TASK DESCRIPTION: From the first line to the last, restate every record word for word, leaving out the pictures.
[Start of section]
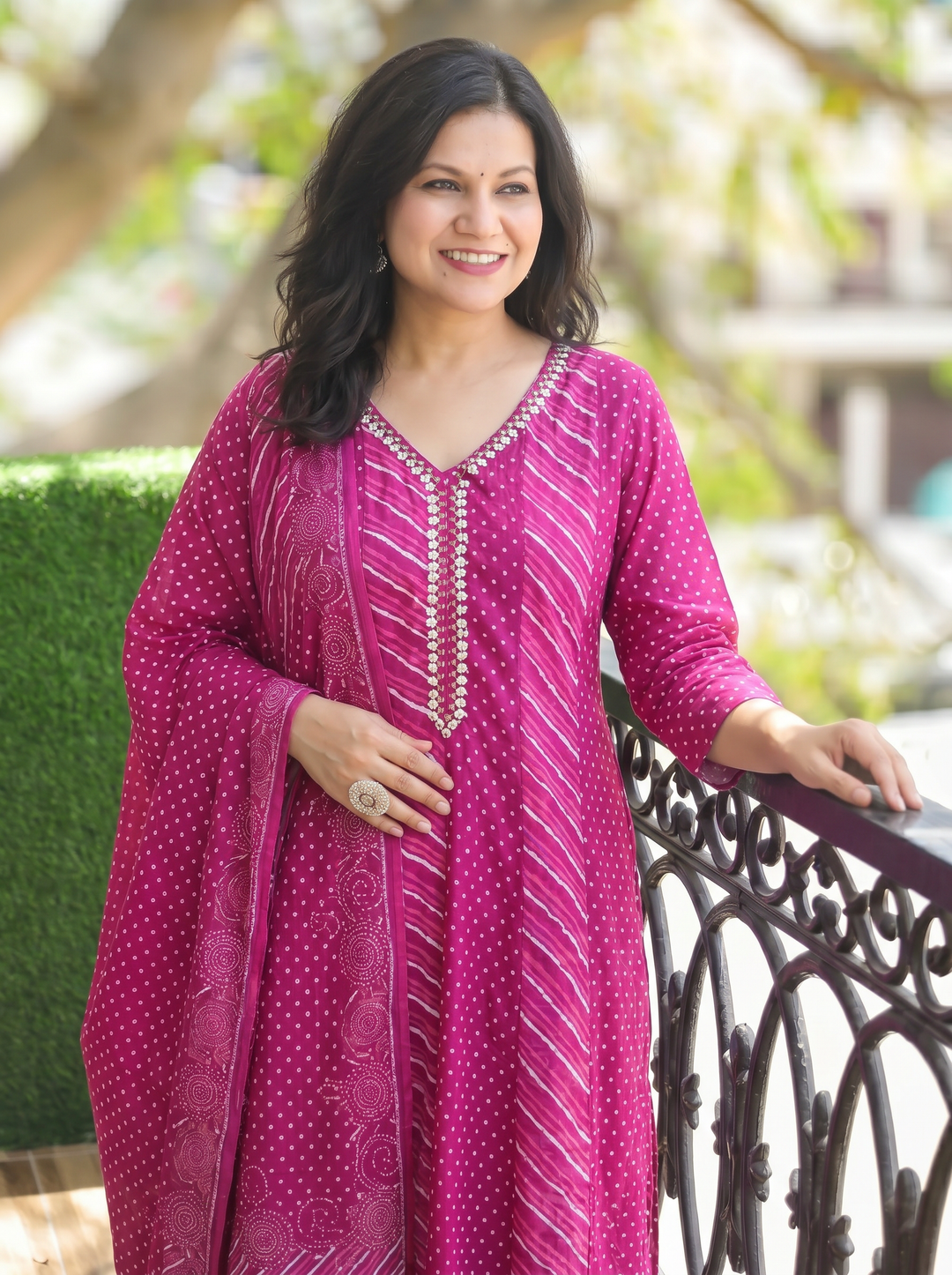 Morni Wine Purple Leheriya Mul Cotton 3 Piece Set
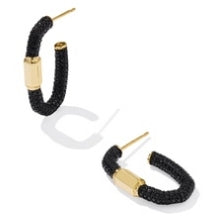 Emery Hoop Earrings in Gold Black Crystal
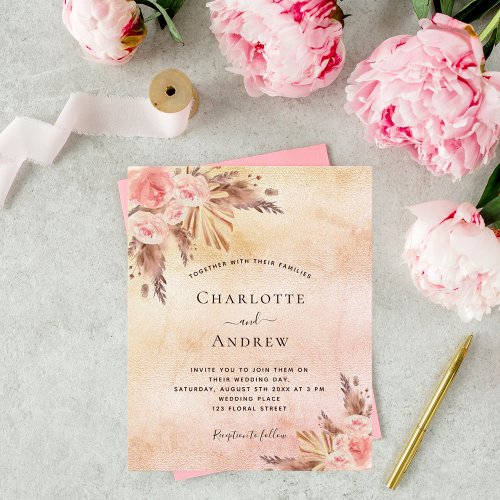 Budget Wedding boho pampas grass rose gold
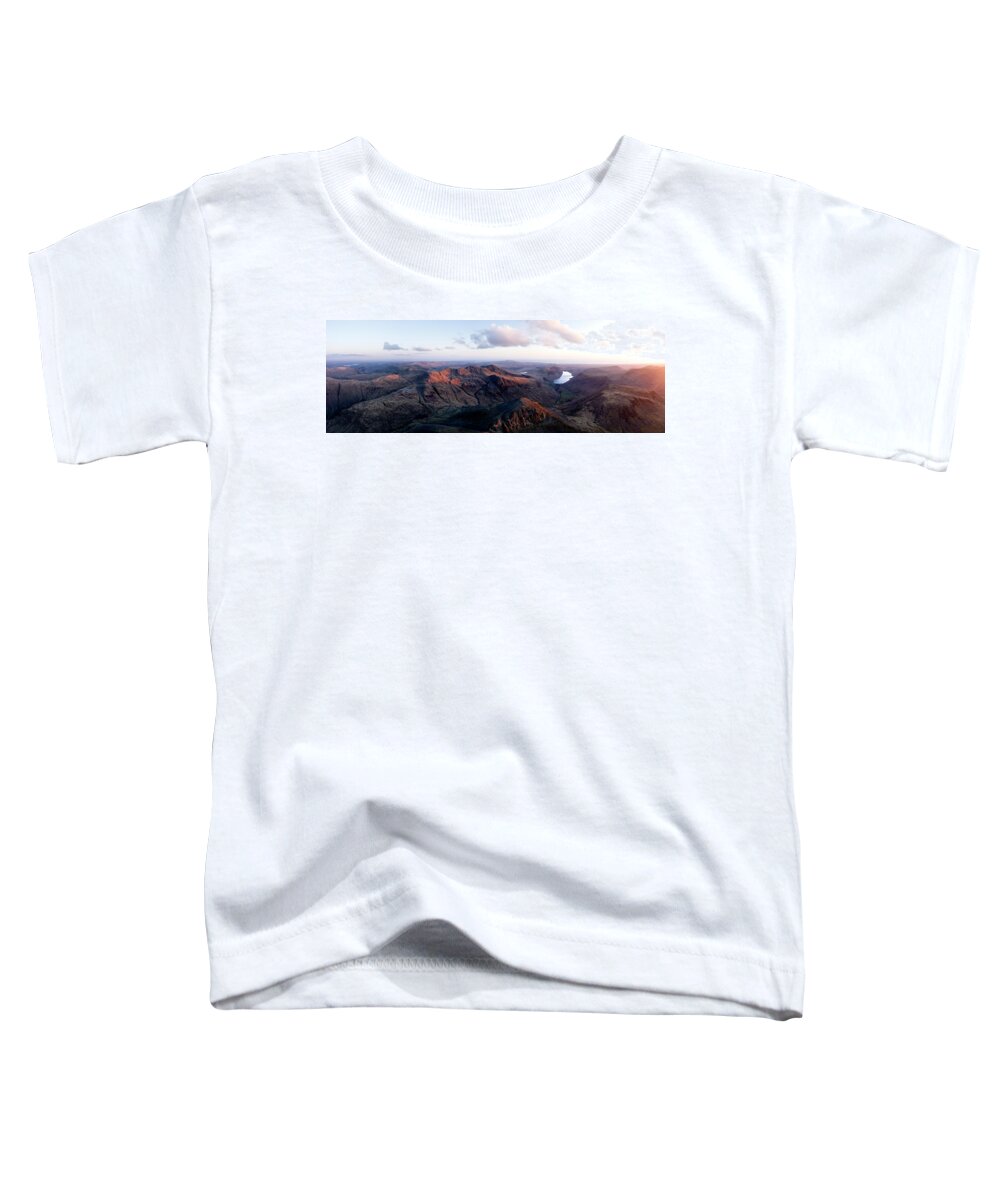 Panorama Toddler T-Shirt featuring the photograph Great gable and Scafell Pike Aerial Lake District by Sonny Ryse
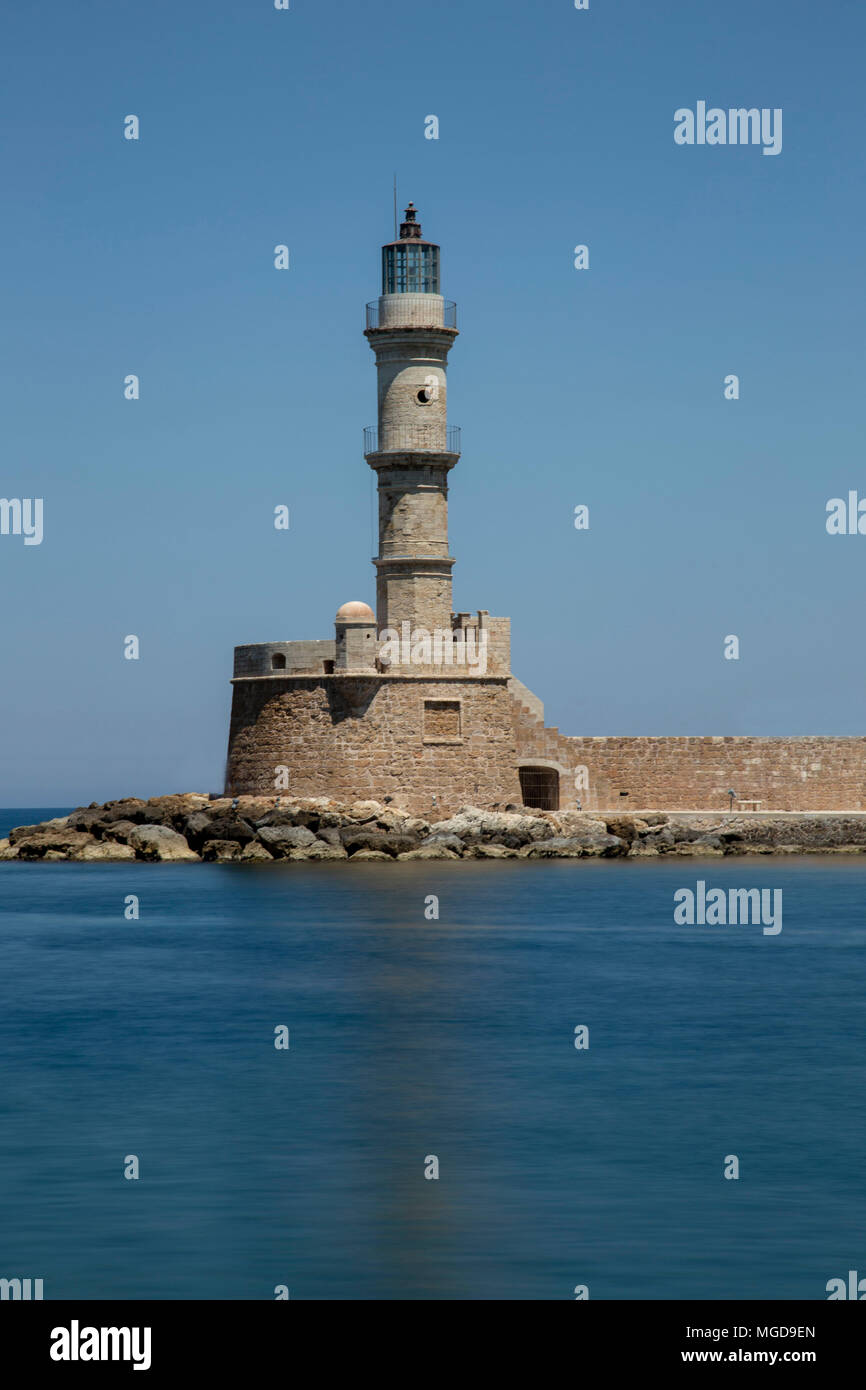 The lighthouse of Chania crete greece Stock Photo
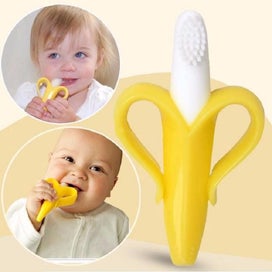 Listing 3 of 3 for 2PCS Toothbrush Banana Aimee Safe Teething Infant Chew Toy Silicone Toothbrush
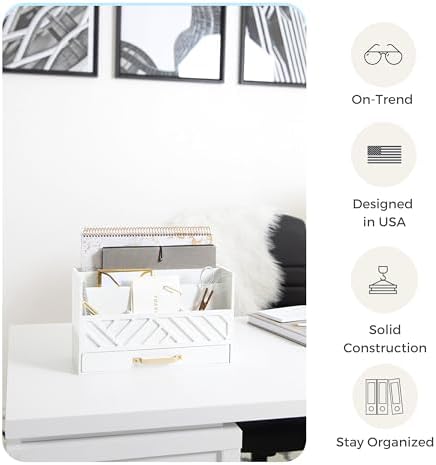 BLU MONACO | White Wooden Desk Organizer & Mail Organizer with Drawer & Gold Handle | Mail Sorter Countertop | 6 Compartments | White Desktop Organizer for Desk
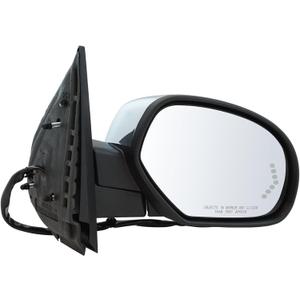 TRQ Passenger Side Mirror Assembly Power Heated Memory Turn Signal Puddle Light Chrome Power Folding Compatible with 07-08 Chevrolet Tahoe Off Road Package 07-08 Suburban 1500 2500 Off Road Package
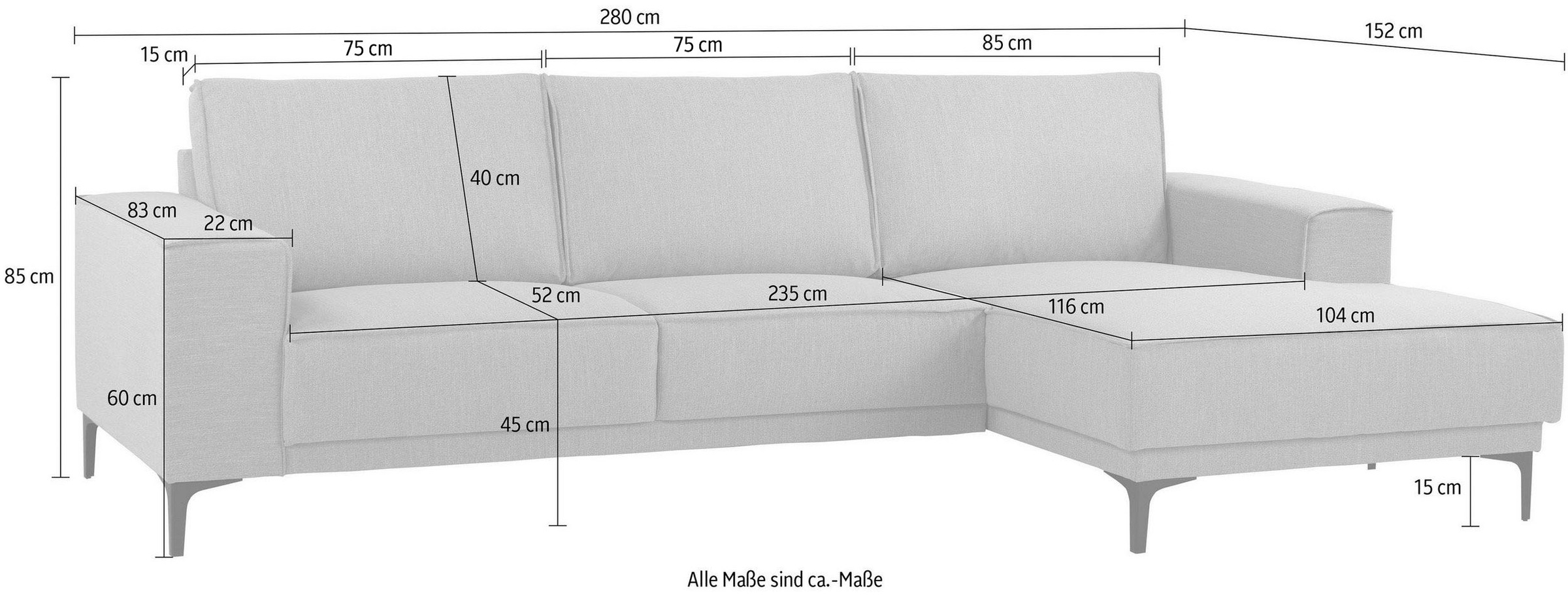 Places of Style Ecksofa »Polsterecke Oland, Struktur, Flachgewebe, Luxus-Microfaser, Boucle«, L-Form, 280 cm, Wellenunterfederung, Skandi-Design, Metallfüße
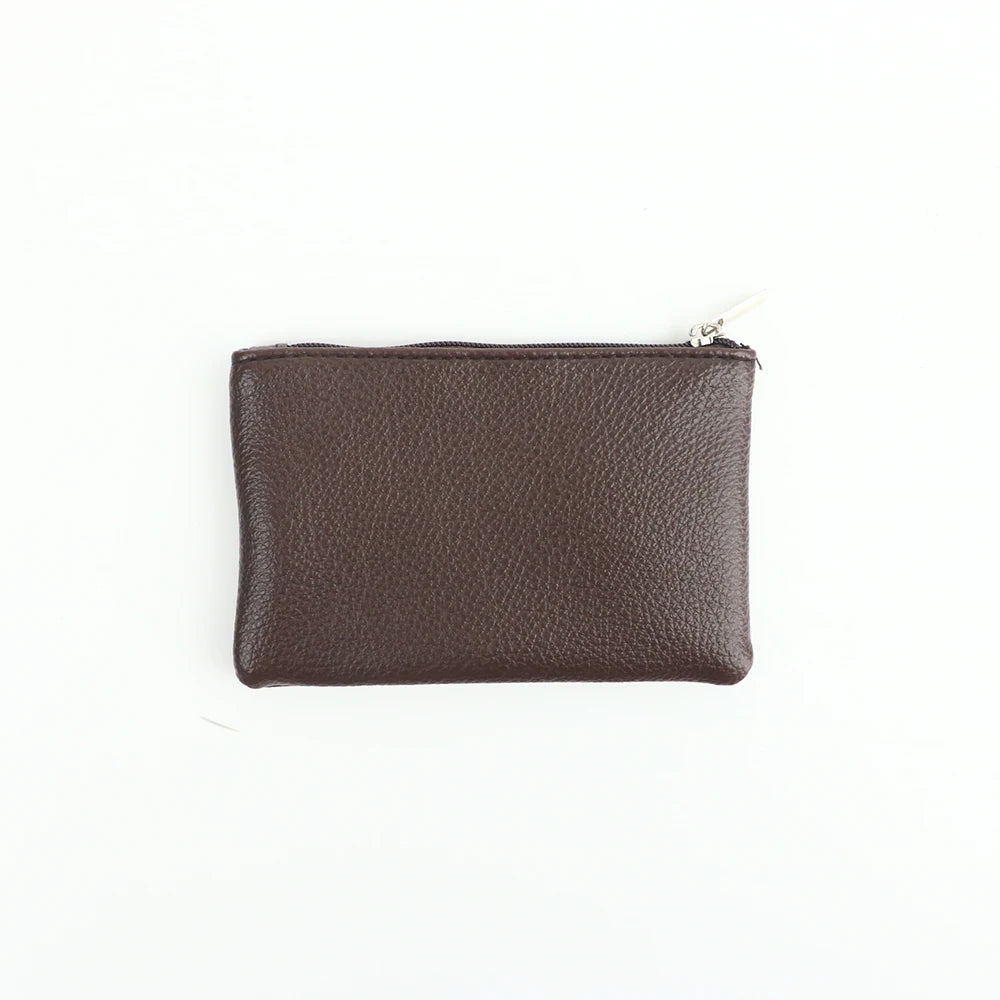 Customized Name PU Leather Wallet Suitable for Both Men and Women, Small Size, Ultra-Thin, with Zipper Closure, Money Bag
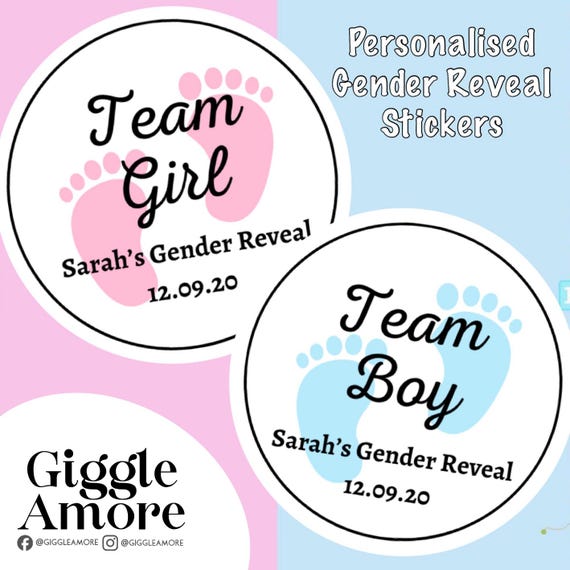 Personalised Gender Reveal Stickers: Thank You Labels, 40mm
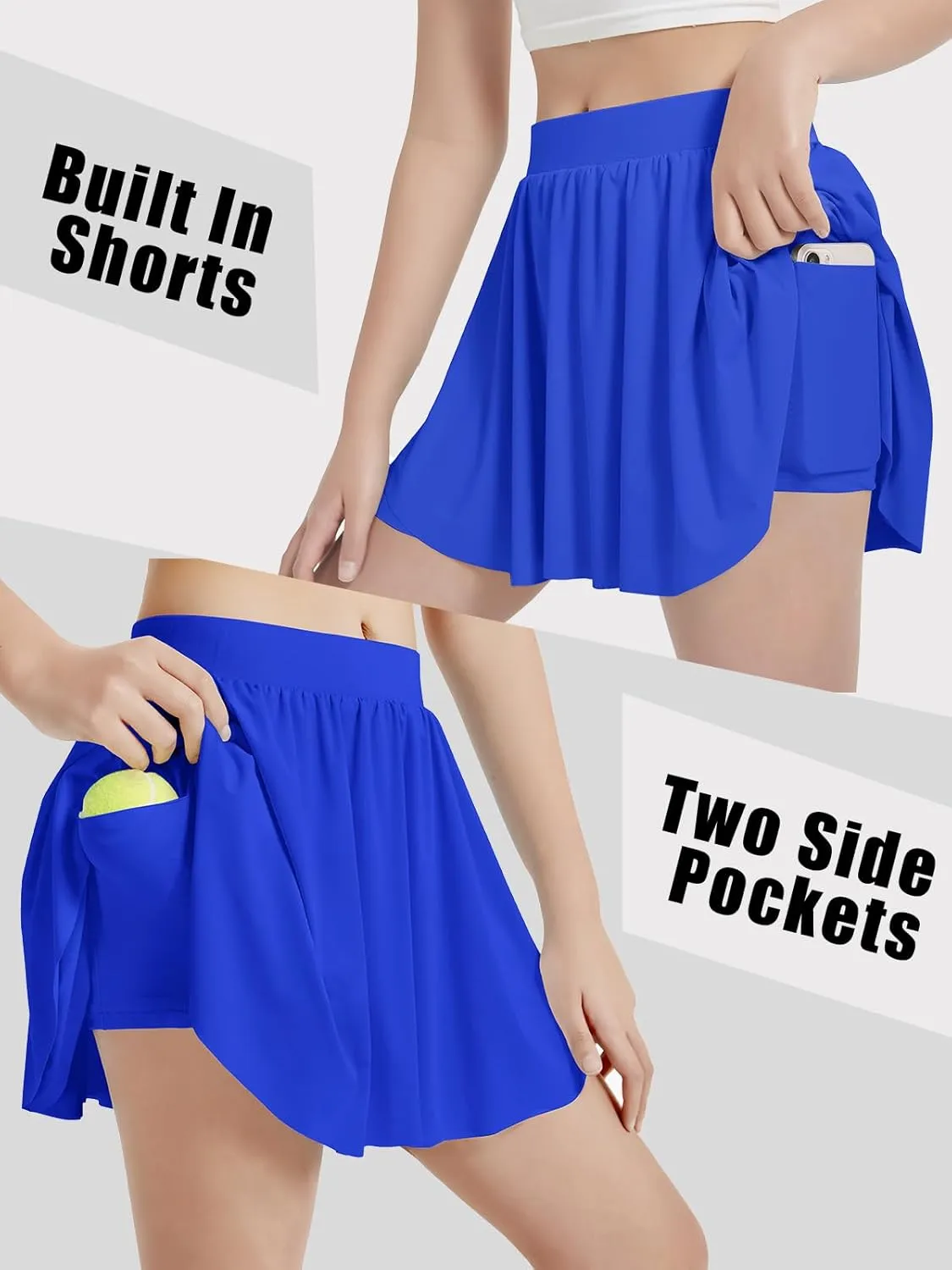 EXARUS Girls Tennis Skirts with Pockets Kids Athletic Skorts Golf Cheer Mini Tiered Skirt High Waisted Shorts 6-14Y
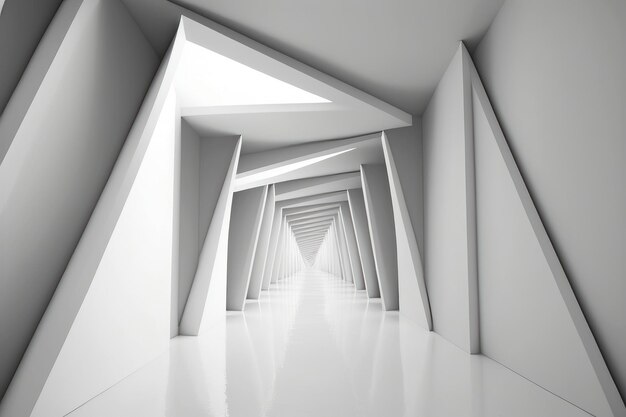 White futuristic tunnel leading to light Wide angle AI Generated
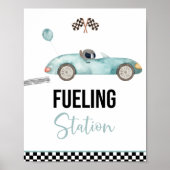 Blue Race Car tankstation Verjaardagsbord Poster (Voorkant)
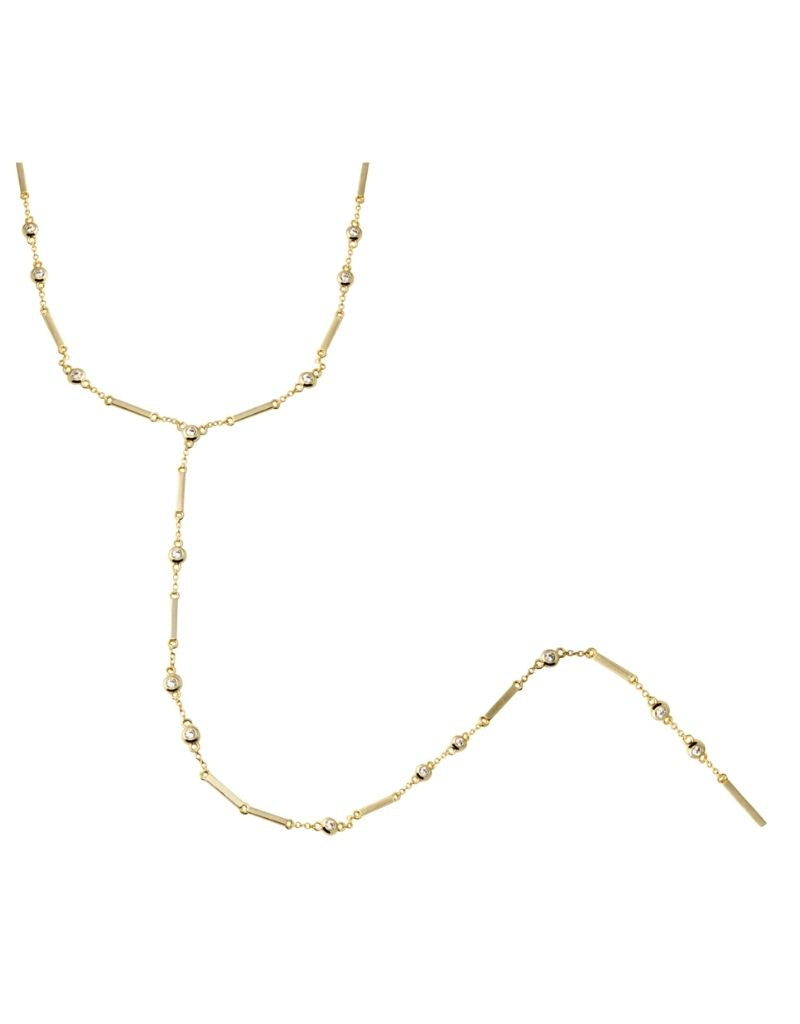 JTG Jewelry Diamond Bezel Bar Lariat Gold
[End of section]
ANSWER FOR THE TASK:
 Morni Wine Purple Leheriya Mul Cotton 3 Piece Set
 Emery Hoop Earrings in Gold Black Crystal
 Budget Wedding boho pampas grass rose gold
 Panorama Toddler T-Shirt featuring the photograph Great gable and Scafell Pike Aerial Lake District by Sonny Ryse
 The lighthouse of Chania crete greece Stock Photo
 Listing 3 of 3 for 2PCS Toothbrush Banana Aimee Safe Teething Infant Chew Toy Silicone Toothbrush
 BLU MONACO | White Wooden Desk Organizer & Mail Organizer with Drawer & Gold Handle | Mail Sorter Countertop | 6 Compartments | White Desktop Organizer for Desk
 TRQ Passenger Side Mirror Assembly Power Heated Memory Turn Signal Puddle Light Chrome Power Folding Compatible with 07-08 Chevrolet Tahoe Off Road Package 07-08 Suburban 1500 2500 Off Road Package
 Places of Style Ecksofa »Polsterecke Oland, Struktur, Flachgewebe, Luxus-Microfaser, Boucle«, L-Form, 280 cm, Wellenunterfederung, Skandi-Design, Metallfüße
 Customized Name PU Leather Wallet Suitable for Both Men and Women, Small Size, Ultra-Thin, with Zipper Closure, Money Bag
 Personalised Gender Reveal Stickers: Thank You Labels, 40mm
 EXARUS Girls Tennis Skirts with Pockets Kids Athletic Skorts Golf Cheer Mini Tiered Skirt High Waisted Shorts 6-14Y
 White futuristic tunnel leading to light Wide angle AI Generated
 Blue Race Car tankstation Verjaardagsbord Poster (Voorkant)
 JTG Jewelry Diamond Bezel Bar Lariat Gold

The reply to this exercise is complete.